FIG. 4. — Intestinal epithelium infection summary scores for *C. parvum*-infected neonatal mice in different treatment groups. The cumulative score for the extent of intestinal infection was calculated as the sum of the numbers of trophozoites per 1,000 epithelial cells from all of the tissue sections for each mouse. Treatment group data are presented in box plots displaying the median values (21,159, 10, 13,750, and 63 for the paromomycin no-drug control, paromomycin, the pyrvinium no-drug control, and pyrvinium, respectively).
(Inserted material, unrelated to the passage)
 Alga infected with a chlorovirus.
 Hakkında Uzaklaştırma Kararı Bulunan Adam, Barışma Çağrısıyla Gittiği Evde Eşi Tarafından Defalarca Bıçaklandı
A Kruskal-Wallis nonparametric test of equality and pairwise comparisons using a nonparametric two-sample Mann-Whitney test showed that the levels of trophozoites in both the pyrvinium and the paromomycin treatment group were significantly (P < 0.05) lower than those in their respective controls but not significantly different from each other (P = 0.2682).

DISCUSSION

In light of the severe consequences of Cryptosporidium infection in human immunodeficiency virus/AIDS patients and other immune-compromised individuals, there is an urgent need for an anti-Cryptosporidium therapeutic that is reliably effective in these high-risk populations. Although numerous other drugs have demonstrated some activity against Cryptosporidium in preclinical studies, the safety of many of these drugs for human treatment has not been established. Taking into consideration the urgent need for a therapeutic and the considerable time and cost required to move a drug through the FDA approval process, one strategy to reduce the time required for an effective drug to reach the market is to test drugs previously approved by the FDA for other uses for activity against Cryptosporidium. In this report, we assessed the in vitro and in vivo efficacies of pyrvinium pamoate, an anthelmintic drug approved for the treatment of enterobiasis.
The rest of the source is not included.